Sachez-le. Pour la prochaine élection interne du MEDEF, Laurence Parisot a mon soutien.
La patronne des patrons, en campagne pour sa re-succession, était l’invitée du 12/13 dimanche 10 mars sur France 3. C'est une bonne occasion de s’informer à la source des inclinaisons gouvernementales pour les semaines à venir. C'est aussi l'opportunité de savourer les dernières sophistications ouatées de la rhétorique patronale hardcore où l'art de l'esquive des réalités sociales de 99% de la population se mêle au souci de ramener, à base de bon sens et sans douleur immédiate, l'exploité dans le camp idéologique de ceux qui l'exploitent.
Entrée aux petits-fours, avec pop de bouchon de champagne, sur la mort du "dictateur" Chavez qui "incarne le populisme dans toute son horreur".
L.Parisot dévie d'entrée une question sur l'ANI (accord national interprofessionnel) en omettant de préciser l’avancée énorme qu'il constitue pour le patronat (ayant désormais open-bar pour baisser les salaires, forcer à la mobilité les travailleurs tout en réduisant leurs possibilités de recours en cas de licenciement), et se plaint que l'accord (signé par la majorité des syndicats minoritaires) doive encore passer au crible des députes ! Étrange conception d'une démocratie dont la patronne du Medef se réjouit pour le Venezuela, mais qu'elle souhaite qu'on court-circuite ici.
Ca se poursuit tranquille, en mode TINA, au sujet de la réduction de la courbe du chômage promise par François Hollande avant la fin de l'année.
" - C’est peut-être possible à une condition: que le gouvernement adopte une politique économique pro-entreprise. Il n’y a pas d’autre voie possible."
Puis L.Parisot se lance dans une condamnation des politiques économiques et fiscales, à l'évidence communiste, des dernières années qui "pénalisent l’investissement, qui empêchent la prise de risque entrepreneurial" en pointant la "gravissime affaire" de la fiscalité sur les plus-values de cessions d’actions. Notons le lien naturel une fois de plus opéré entre entrepreneur et revente des actions de l'entreprise, cette dernière étant considérée sous l’angle de la pure spéculation à prise rapide de bénéfices.

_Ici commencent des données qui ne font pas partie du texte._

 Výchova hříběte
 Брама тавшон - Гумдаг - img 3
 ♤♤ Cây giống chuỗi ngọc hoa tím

Rappelons encore et encore que la part des salaires dans la valeur ajoutée des entreprises à diminué de 10 points en 30 ans passant de 67% à 57%. Le tout dans un contexte fiscal bénéficiant aux entreprises, notamment les grandes qui ont a leur disposition une batterie de spécialistes de l’optimisation. Les entreprises du CAC 40, malgré la criseTM[1] ont encore emmagasiné 53 milliards de bénéfice en 2012. 53 milliards ! Pour l'investissement, c'est comme pour la hausse des salaires: j'attends encore.
Alors qu’on lui demande de se prononcer sur l'interdiction des parachutes dorés, récemment votée par référendum en Suisse et l’éventualité d'une limitation des gros salaires, la boss du Medef qui a le "populisme" en horreur, et selon le désormais rodé axiome de Gad Elmaleh récemment remis au goût du jour par Gérard Depardieu, ne s'encombre pas de principes pour procéder à l'analogie entre les patrons du CAC (dont le salaire moyen a augmenté de 4 millions l'an passé) et les salariés (la moitié d'entre eux touchent moins de 1673 euros) en passant par la case artiste populaire.

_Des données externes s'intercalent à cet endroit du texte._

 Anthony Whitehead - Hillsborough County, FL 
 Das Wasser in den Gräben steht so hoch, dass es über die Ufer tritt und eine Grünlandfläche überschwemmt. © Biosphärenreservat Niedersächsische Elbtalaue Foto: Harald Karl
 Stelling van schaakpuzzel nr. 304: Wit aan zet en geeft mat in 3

" - Et pourquoi pas sur les artistes de cinéma ? Pourquoi pas sur les sportifs ? Pourquoi pas fixer par la loi le salaire de tout le monde !" S'énerve-t-elle. C'est vrai quel scandale cette idée d'une loi pour limiter les revenus des patrons au moment extatique où l'on va imposer aux salariés de baisser les leurs !
Questionnée sur le cadeau fiscal de l'automne dernier, le crédit d’impôt pour la compétitivité des entreprises (20 milliards d’aide supplémentaire aux entreprises financées par une augmentation de la TVA), elle le juge d’emblée "non suffisant" avant de basculer en mode Ifrap sur "la dépense publique en France qui étouffe la création de richesses […] et empêche la création d’emplois" On pourrait lui avancer que cette dépense publique, face à la stagnation des salaires et à leur diminution souhaitée est le dernier rempart contre la chute massive de la consommation interne. Ce n’est pas fait. On en reste à son affirmatif "si l’on ne réduit pas la dépense publique, nous ne réduirons pas la courbe du chômage". Ce qui se vérifie chaque jour dans tous les pays persévérant dans leurs politiques d'austérité, avec des taux de chômage bientôt au triple du nôtre.

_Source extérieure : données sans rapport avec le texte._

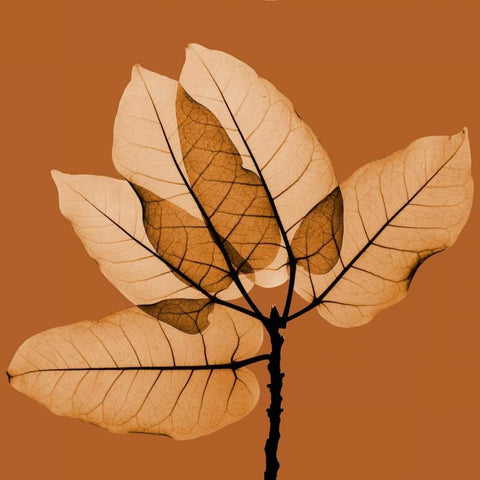 Harvest Leaves 1C White Modern Wood Framed Art Print by Koetsier, Albert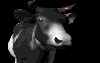 cow6[1].gif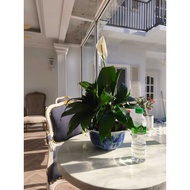 INDOOR PLANT PEACE LILY (SECOND)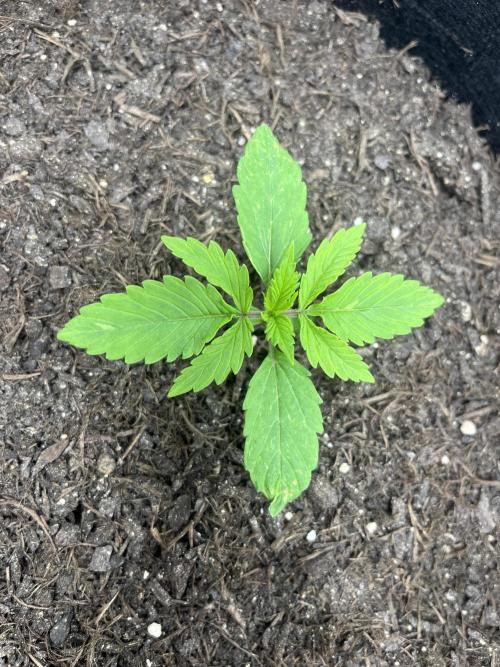 Auto Sweet Bourbon Kush - Bella & Gigi. Week 1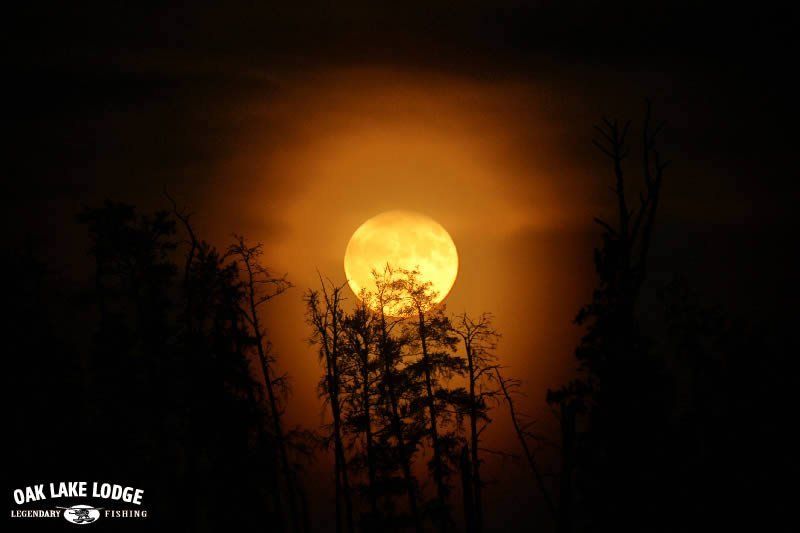 A full moon is visible through the trees at oak lake lodge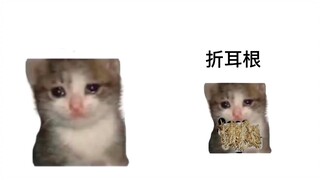 Sichuan Croissant Cat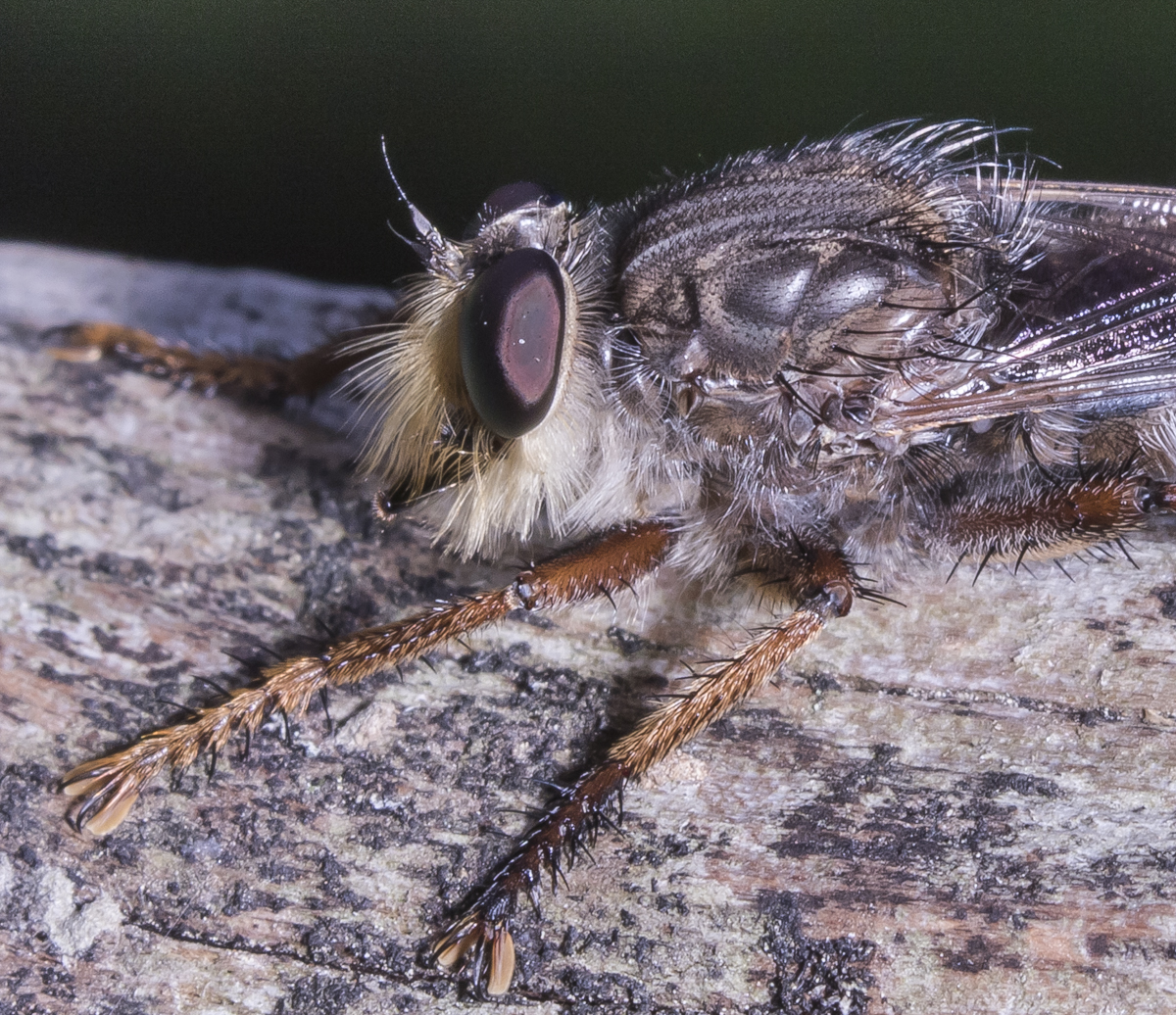 Promachus bastardii head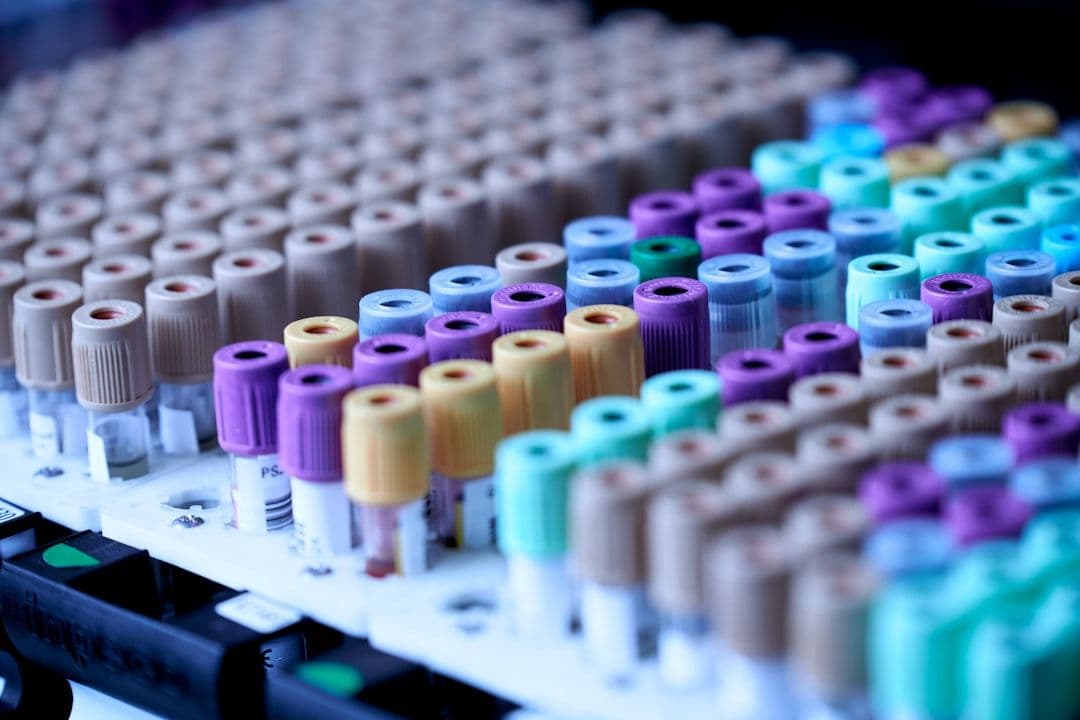 Zwiększenie ekspresji genu Meis2 odwróciło deficyty u dorosłych myszy
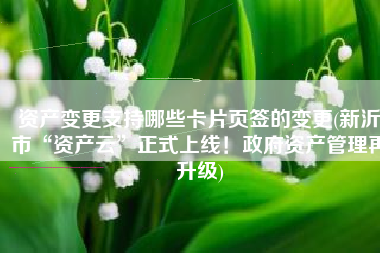 资产变更支持哪些卡片页签的变更(新沂市“资产云”正式上线！政府资产管理再升级)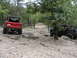 1967 Ford Mustang - Two vehicles traverse a challenging, rocky path through a dense forest.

L'interview s'achève sur un "nous sommes en danger sur les retraites (Nous. Pas elle. Il est toujours bon de le rappeler) si nous ne faisons pas une réforme structurelle". Et la machine mise en branle en 2010 se réenclenche sur les mêmes raccourcis:
- Tu l'as vu mon gros déficit (je renvoie à plus haut: payez moins les actionnaires et plus les salariés, mathématiquement les cotisations augmenteront),
- l'espérance de vie augmente (sans préciser qu'un ouvrier en a bien moins qu'un cadre sup),
- l'oubli de notre forte natalité (donc plus de cotisants dans 20 ans),
- l'absence totale de l'ébauche de l’hypothèse d'une augmentation des cotisations côté patrons pour s'en tenir à l'allongement de la durée de cotisation et l'augmentation de l'âge du départ à la retraite, ceci dans un seul but: exploser le système de retraites par répartition pour le basculer dans le privé.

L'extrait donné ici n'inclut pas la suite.